M121: Chapter 5: Miscellaneous Aggregation

The MongoDB Aggregation Framework(Chapter 5 of 6)

The $redact Stage

Restricts the contents of the documents based on information stored in the documents themselves.

// creating a variable to refer against
var userAccess = "Management"

// comparing whether the value/s in the userAccess variable are in the array
// referenced by the $acl field path
db.employees.aggregate([
    {
      "$redact": {
        "$cond": [{ "$in": [userAccess, "$acl"] }, "$$DESCEND", "$$PRUNE"]
      }
    }
  ]).pretty()
// prune 修剪

The $out Stage

Takes the documents returned by the aggregation pipeline and writes them to a specified collection.

The following aggregation operation pivots the data in the books collection in the test database to have titles grouped by authors and then writes the results to the authors collection, also in the test database.

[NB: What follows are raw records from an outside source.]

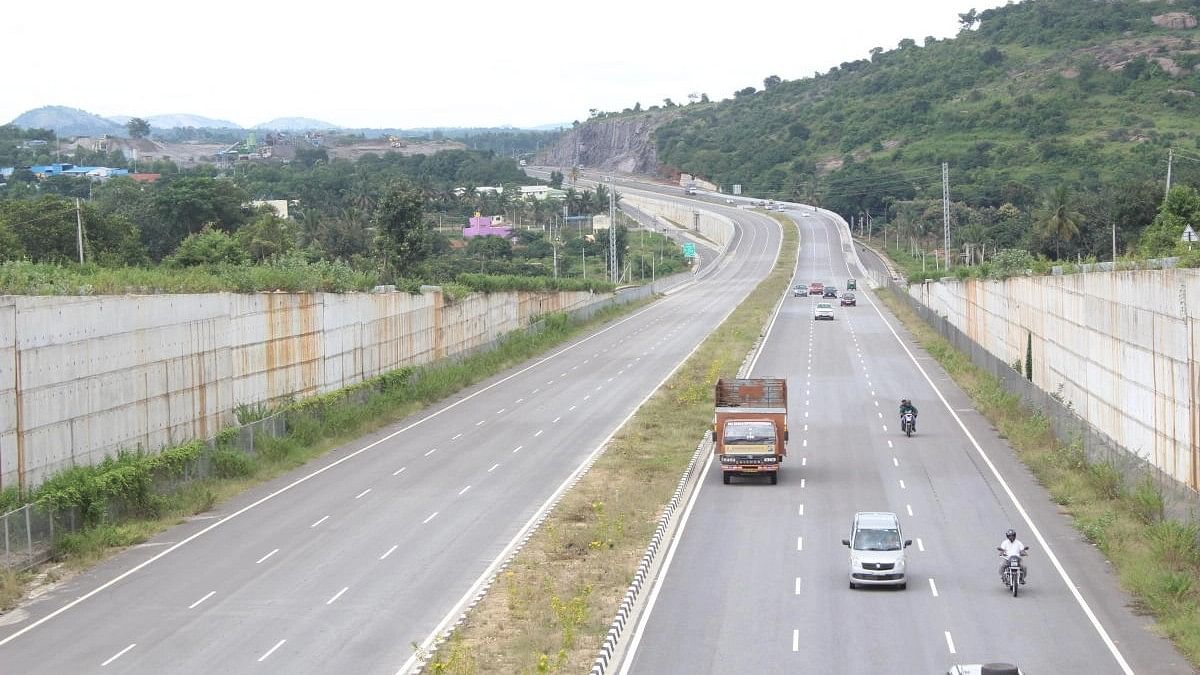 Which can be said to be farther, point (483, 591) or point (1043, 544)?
point (1043, 544)

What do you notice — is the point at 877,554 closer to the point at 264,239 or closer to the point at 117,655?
the point at 117,655

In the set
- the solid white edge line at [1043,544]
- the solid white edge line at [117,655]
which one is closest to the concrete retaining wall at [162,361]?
the solid white edge line at [117,655]

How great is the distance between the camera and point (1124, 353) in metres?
40.0

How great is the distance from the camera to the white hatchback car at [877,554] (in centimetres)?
3095

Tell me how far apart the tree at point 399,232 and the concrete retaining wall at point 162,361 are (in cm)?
1764

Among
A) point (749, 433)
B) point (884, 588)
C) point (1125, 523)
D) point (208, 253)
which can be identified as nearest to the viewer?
point (884, 588)

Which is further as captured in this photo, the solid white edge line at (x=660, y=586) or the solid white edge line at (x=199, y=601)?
the solid white edge line at (x=199, y=601)

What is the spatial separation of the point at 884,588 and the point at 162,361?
26.0m

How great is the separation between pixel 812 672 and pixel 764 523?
14591mm

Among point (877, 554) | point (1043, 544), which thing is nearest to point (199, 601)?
point (877, 554)

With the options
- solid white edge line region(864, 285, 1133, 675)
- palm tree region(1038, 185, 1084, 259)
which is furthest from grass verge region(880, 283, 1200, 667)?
palm tree region(1038, 185, 1084, 259)

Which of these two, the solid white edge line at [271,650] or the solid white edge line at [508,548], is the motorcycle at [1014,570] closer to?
the solid white edge line at [508,548]

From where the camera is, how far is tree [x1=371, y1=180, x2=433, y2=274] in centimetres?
8975

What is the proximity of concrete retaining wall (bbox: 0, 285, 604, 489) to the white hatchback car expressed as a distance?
21588mm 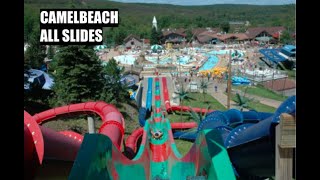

db.getSiblingDB("test").books.aggregate( [
    { $group : { _id : "$author", books: { $push: "$title" } } },
    { $out : "authors" }
] )

$merge Overview

Writes the results of the aggregation pipeline to a specified collection. The $merge operator must be the last stage in the pipeline.

$merge Syntax

{ $merge: {
     into: <collection> -or- { db: <db>, coll: <collection> },
     on: <identifier field> -or- [ <identifier field1>, ...],  // Optional
     let: <variables>,                                         // Optional
     whenMatched: <replace|keepExisting|merge|fail|pipeline>,  // Optional
     whenNotMatched: <insert|discard|fail>                     // Optional
} }
db.getSiblingDB("zoo").salaries.aggregate( [
   { $group: { _id: { fiscal_year: "$fiscal_year", dept: "$dept" }, salaries: { $sum: "$salary" } } },
   { $merge : { into: { db: "reporting", coll: "budgets" }, on: "_id",  whenMatched: "replace", whenNotMatched: "insert" } }
] )

Problem:

Consider an Aggregation Pipeline using the new $merge stage that outputs to the employee_data collection.

If we are not expecting to find any matching documents in the employee_data collection, which of the following stages should we use?

{
  $merge: {
    into: "employee_data",
    whenNotMatched: "insert",
    whenMatched: "fail"
  }
}

If we are not expecting to find any matching documents in the employee_data collection, then finding a matching document should raise a red flag. One way to deal with this is to throw an error, which is denoted by whenMatched: “fail”.

Additionally, it would not make sense to replace or merge the documents in employee_data with the output documents, because we weren’t expecting to find any matches.

Using $merge for Single View

Using $merge for a Temporary Collection

Using $merge for Rollups

Rollups 汇总

Problem:

Consider a potential $merge stage that:

  • outputs results to a collection called analytics.
  • merges the results of the $merge stage with current analytics documents using the value of the name field.
  • updates existing analytics documents to include any modified information from the resulting $merge documents.
  • creates a new analytics document if an existing document with the resulting document’s name does not exist.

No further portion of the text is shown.